Stored data:
BEGIN

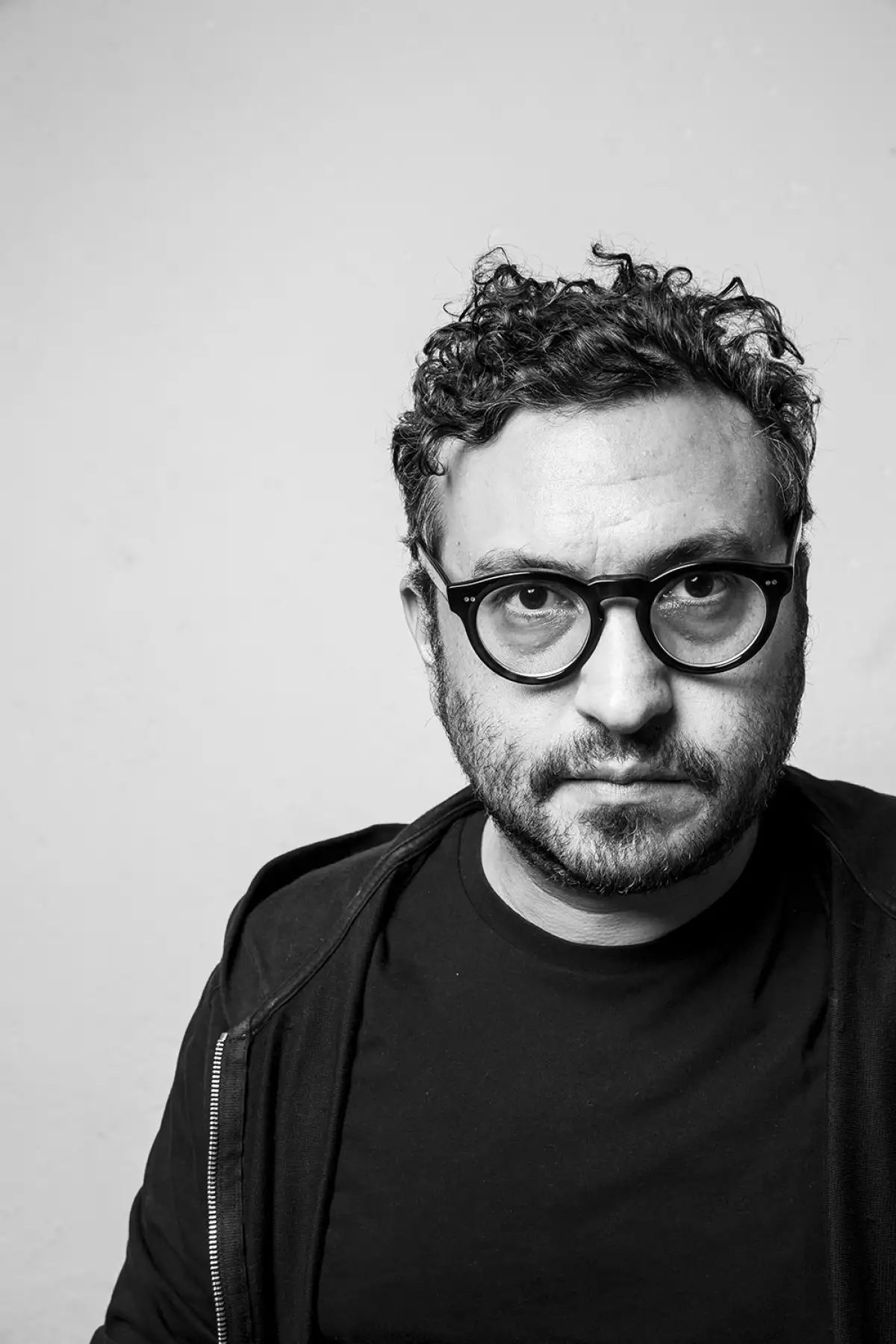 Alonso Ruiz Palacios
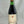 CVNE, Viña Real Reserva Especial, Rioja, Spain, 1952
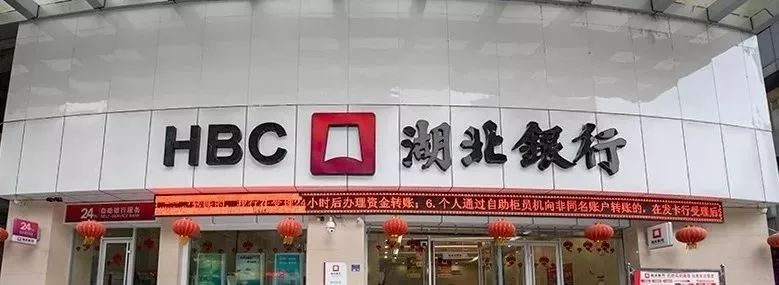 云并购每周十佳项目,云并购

END

Task details:
What you give back should be the full material above, retyped exactly, with every image removed.

Exercise output:
 Alonso Ruiz Palacios
 CVNE, Viña Real Reserva Especial, Rioja, Spain, 1952
 云并购每周十佳项目,云并购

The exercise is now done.